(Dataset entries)

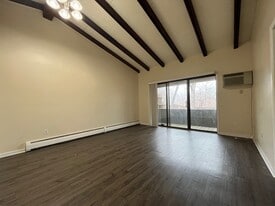 Building Photo - 341 Oak St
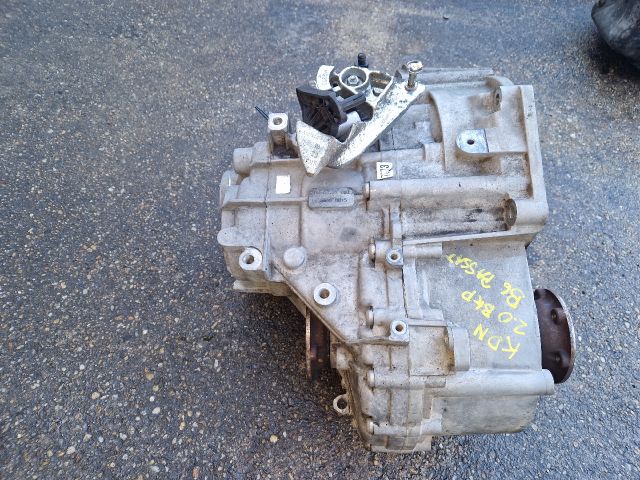 bontott VW PASSAT B6 Váltó (Mechanikus)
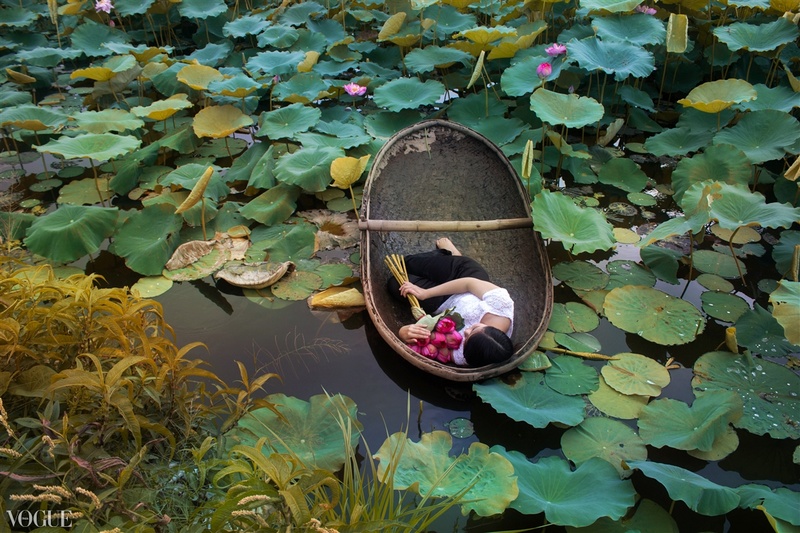Female model photo shoot of Viet Ha Tran 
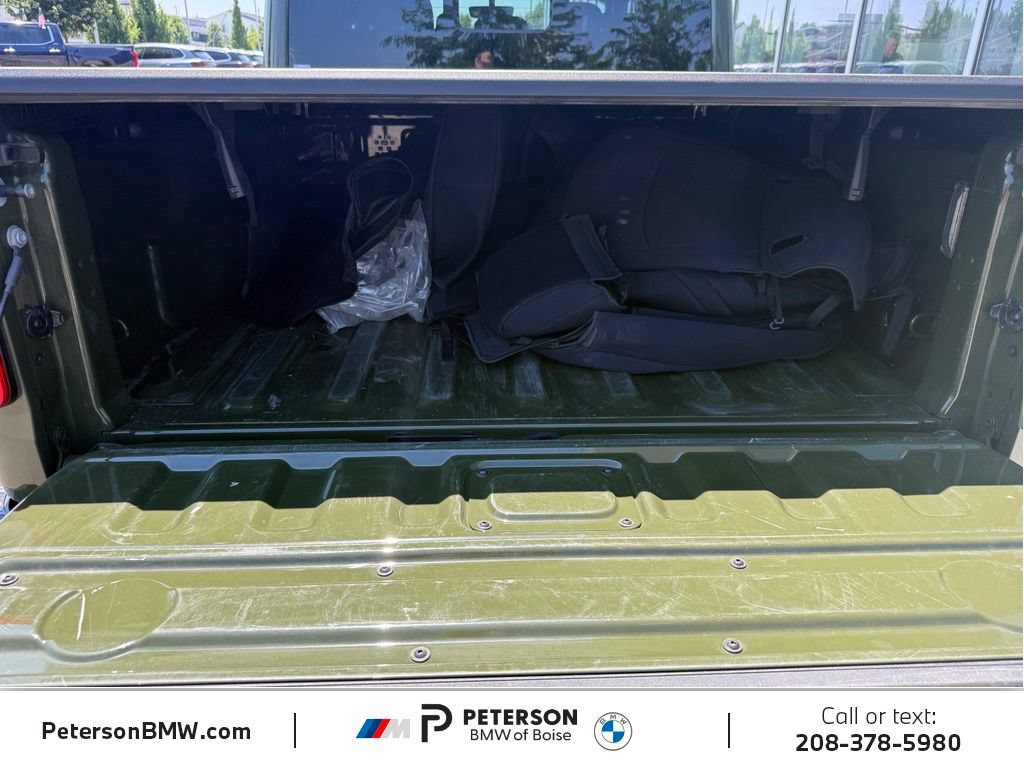 Used 2023 Jeep Gladiator Mojave w/ Cold Weather Group AWD/4WD image 9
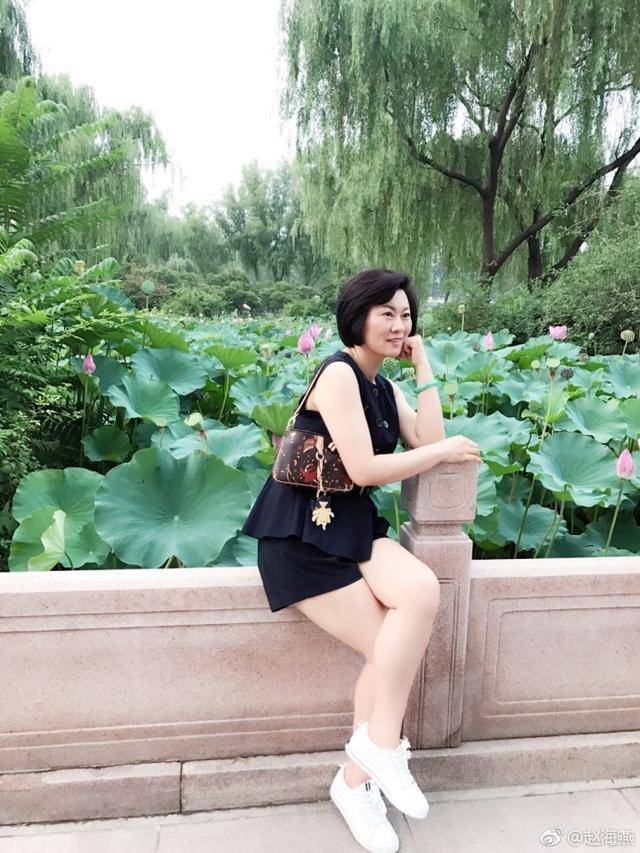 谢广坤媳妇演的角色土但本人气质高雅穿旗袍俨然一个贵妇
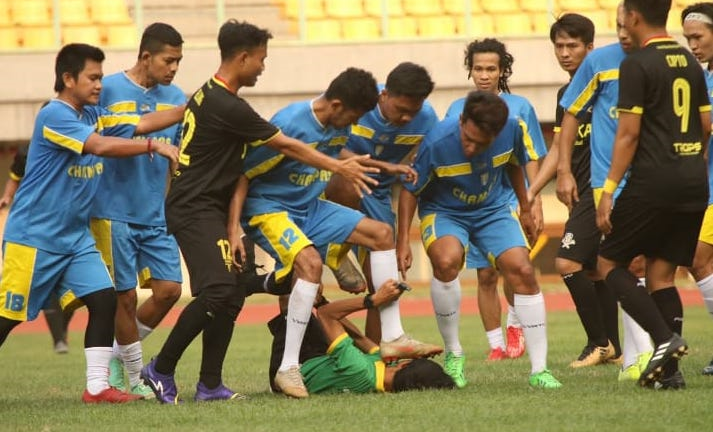 Video: Cầu thủ Indonesia lao vào hành hung, đạp vào đầu trọng tài 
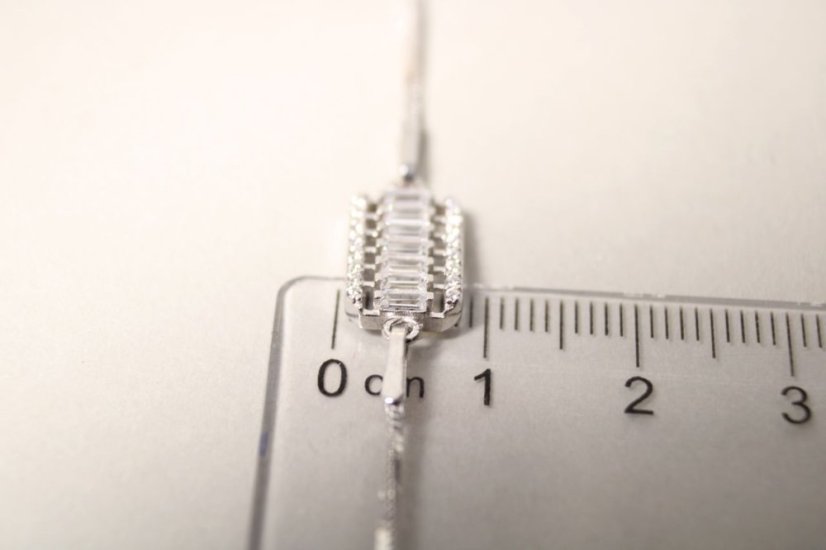 Strieborný náramok zdobený obdĺžnikovým príveskom, číre zirkóny, rhodium, 18-22 cm, 2,43 g, 925/1000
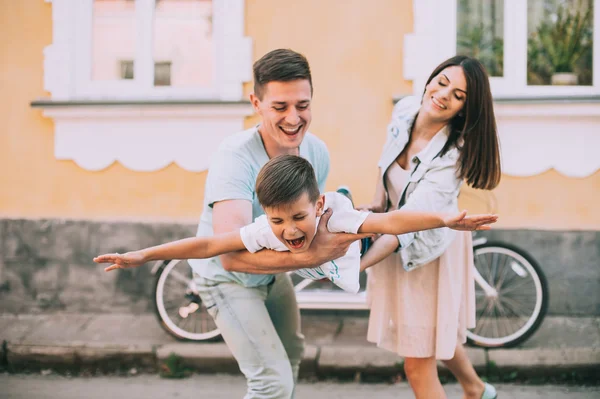 Famiglia divertendosi in doppia bici — Foto Stock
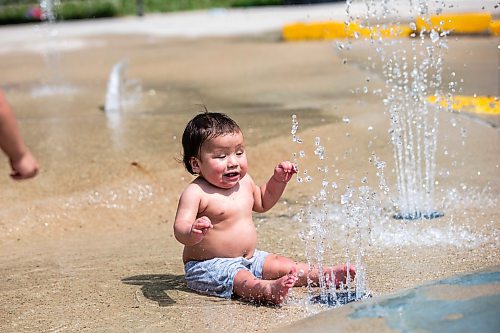 MIKAELA MACKENZIE / WINNIPEG FREE PRESS

Damian Richards, one, cools off at the splash pad in Central Park on Friday, June 2, 2023. Environment Canada has put out a weather warning for the extreme heat coming this weekend. For Tessa Adamski story.
Winnipeg Free Press 2023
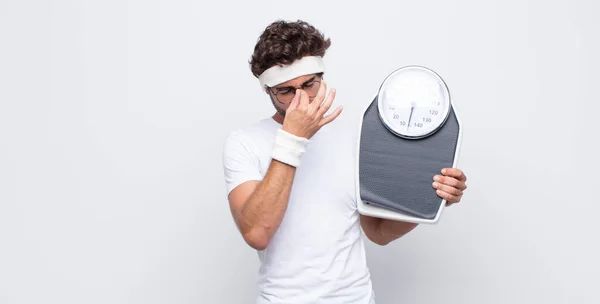 Jeune Homme Sentant Stressé Malheureux Frustré Touchant Front Souffrant Migraine — Photo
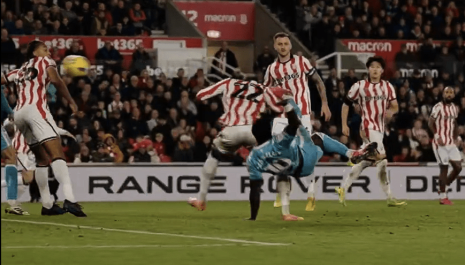 Η μάχη της ανόδου στην Premier League και η έκπληξη που πρέπει να δεις!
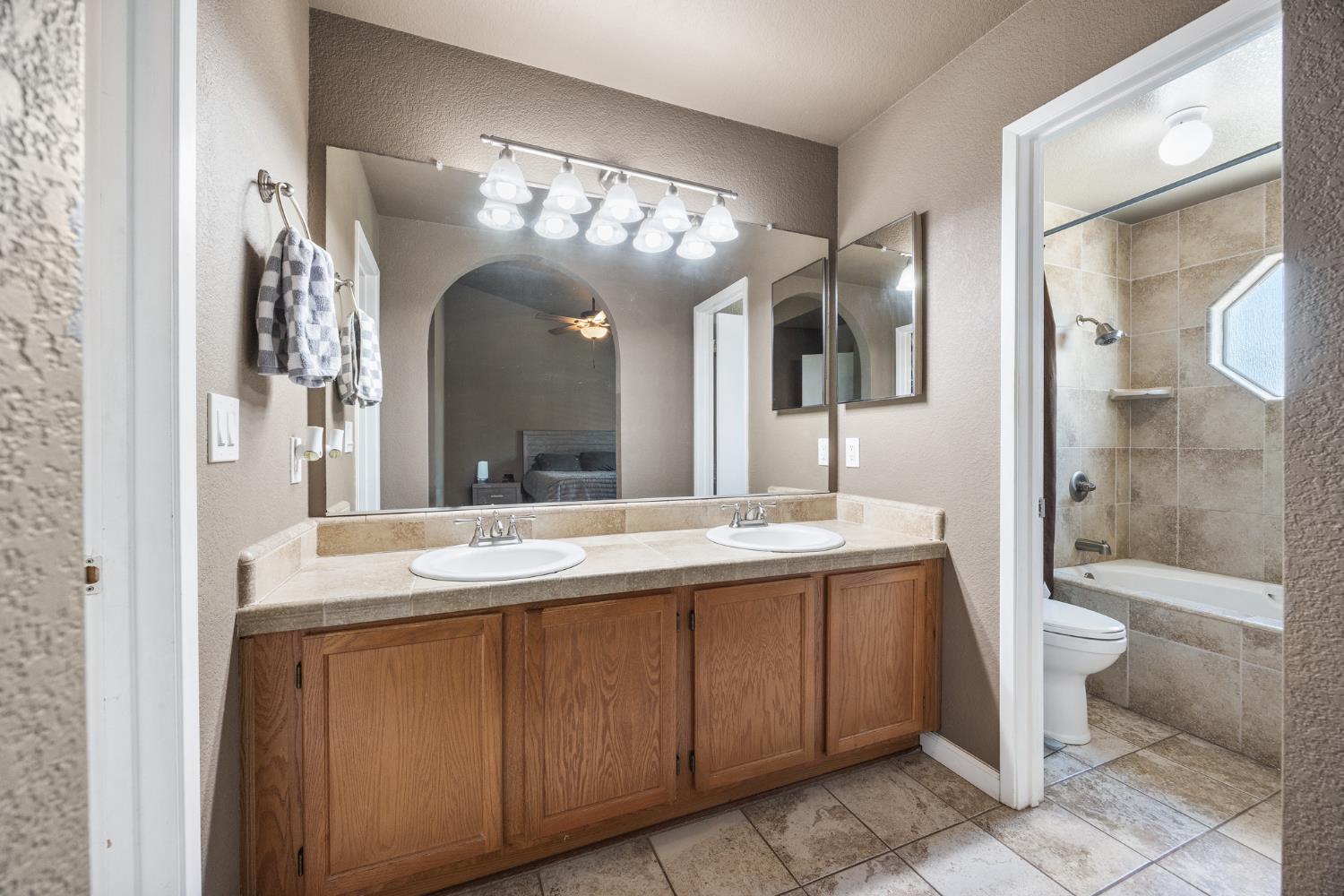 6 King Place Woodland CA 95695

**EXERCISE DETAILS:**
Keep the pictures out and print all the records exactly as they are.

**RESULT OF THE EXERCISE:**
 Building Photo - 341 Oak St
 bontott VW PASSAT B6 Váltó (Mechanikus)
Female model photo shoot of Viet Ha Tran 
 Used 2023 Jeep Gladiator Mojave w/ Cold Weather Group AWD/4WD image 9
 谢广坤媳妇演的角色土但本人气质高雅穿旗袍俨然一个贵妇
 Video: Cầu thủ Indonesia lao vào hành hung, đạp vào đầu trọng tài 
 Strieborný náramok zdobený obdĺžnikovým príveskom, číre zirkóny, rhodium, 18-22 cm, 2,43 g, 925/1000
 Famiglia divertendosi in doppia bici — Foto Stock
 MIKAELA MACKENZIE / WINNIPEG FREE PRESS

Damian Richards, one, cools off at the splash pad in Central Park on Friday, June 2, 2023. Environment Canada has put out a weather warning for the extreme heat coming this weekend. For Tessa Adamski story.
Winnipeg Free Press 2023
 Jeune Homme Sentant Stressé Malheureux Frustré Touchant Front Souffrant Migraine — Photo
 Η μάχη της ανόδου στην Premier League και η έκπληξη που πρέπει να δεις!
 6 King Place Woodland CA 95695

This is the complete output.